Delen via


Absolute en Self-Relative Security Descriptors

Een beveiligingsdescriptor kan zich in absolute of zelf-relatieve-indeling hebben. In absolute indeling bevat een beveiligingsdescriptor aanwijzers naar de informatie, niet naar de informatie zelf. In een zelf-relatieve indeling slaat een beveiligingsdescriptor een SECURITY_DESCRIPTOR structuur en bijbehorende beveiligingsinformatie op in een aaneengesloten blok geheugen. Als u wilt bepalen of een beveiligingsdescriptor zichzelf relatief of absoluut is, roept u de functie GetSecurityDescriptorControl aan en controleert u de SE_SELF_RELATIVE vlag van de parameter SECURITY_DESCRIPTOR_CONTROL. U kunt de functies MakeSelfRelativeSD en MakeAbsoluteSD gebruiken voor het converteren tussen deze twee indelingen.

De absolute indeling is handig wanneer u een beveiligingsdescriptor bouwt en aanwijst naar alle onderdelen, bijvoorbeeld wanneer standaardinstellingen voor de eigenaar, groep en discretionaire ACL beschikbaar zijn. In dit geval kunt u de functie InitializeSecurityDescriptor aanroepen om een SECURITY_DESCRIPTOR structuur te initialiseren en vervolgens functies aanroepen zoals SetSecurityDescriptorDacl- om ACL- en SID-aanwijzers toe te wijzen aan de beveiligingsdescriptor.

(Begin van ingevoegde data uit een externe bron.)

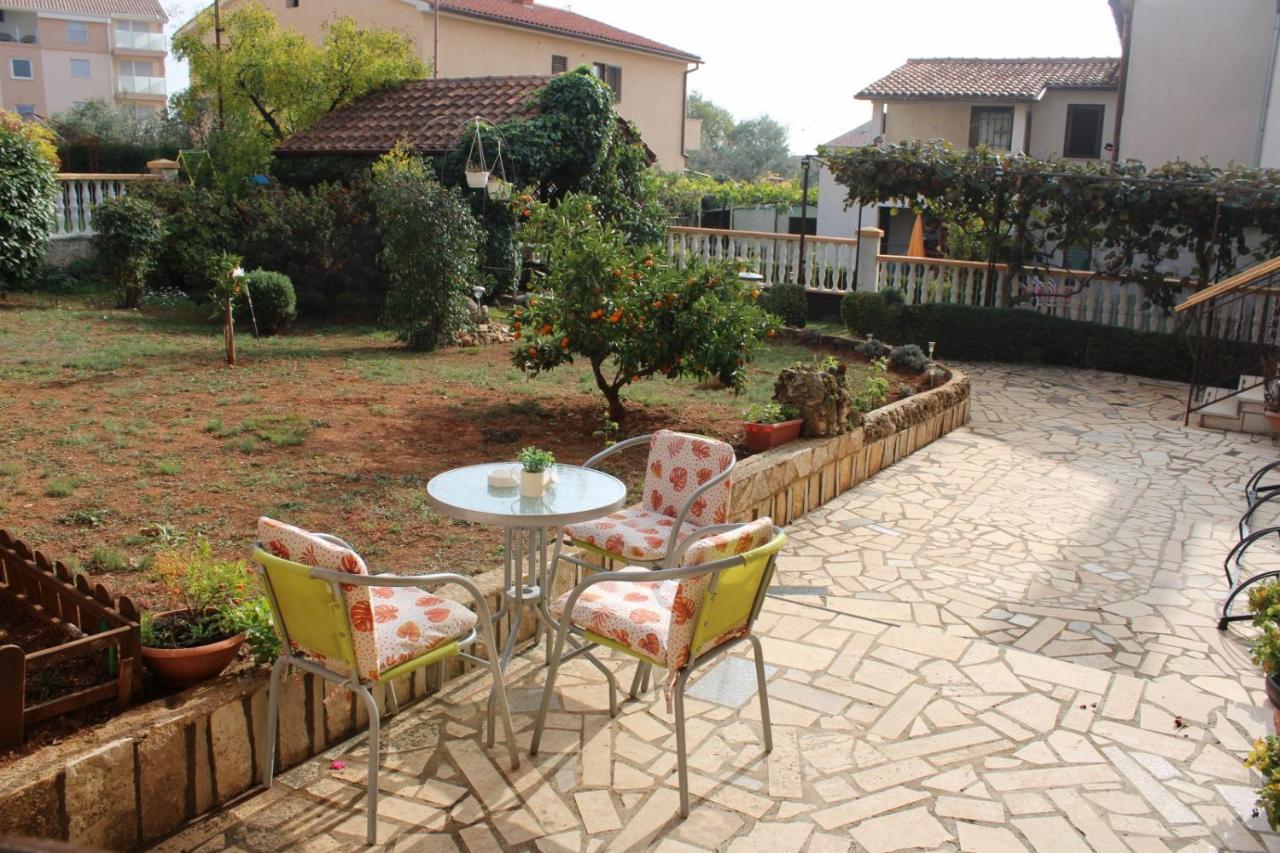 Lily'S Lovely Apartments Fažana Extérieur photo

In zelf-relatieve indeling begint een beveiligingsdescriptor altijd met een SECURITY_DESCRIPTOR structuur, maar de andere onderdelen van de beveiligingsdescriptor kunnen de structuur in elke volgorde volgen. In plaats van geheugenadressen te gebruiken, worden de onderdelen van de beveiligingsdescriptor geïdentificeerd door verschuivingen vanaf het begin van de descriptor. Deze indeling is handig wanneer een beveiligingsdescriptor moet worden opgeslagen op een schijf, moet worden verzonden via een communicatieprotocol of in het geheugen moet worden gekopieerd.

Met uitzondering van MakeAbsoluteSD-, doen alle functies die een beveiligingsdescriptor retourneren dit met behulp van de zelf-relatieve indeling. Beveiligingsdescriptors die als argumenten aan een functie worden doorgegeven, kunnen een zelf-relatieve of absolute vorm zijn. Raadpleeg de documentatie voor de functie voor meer informatie.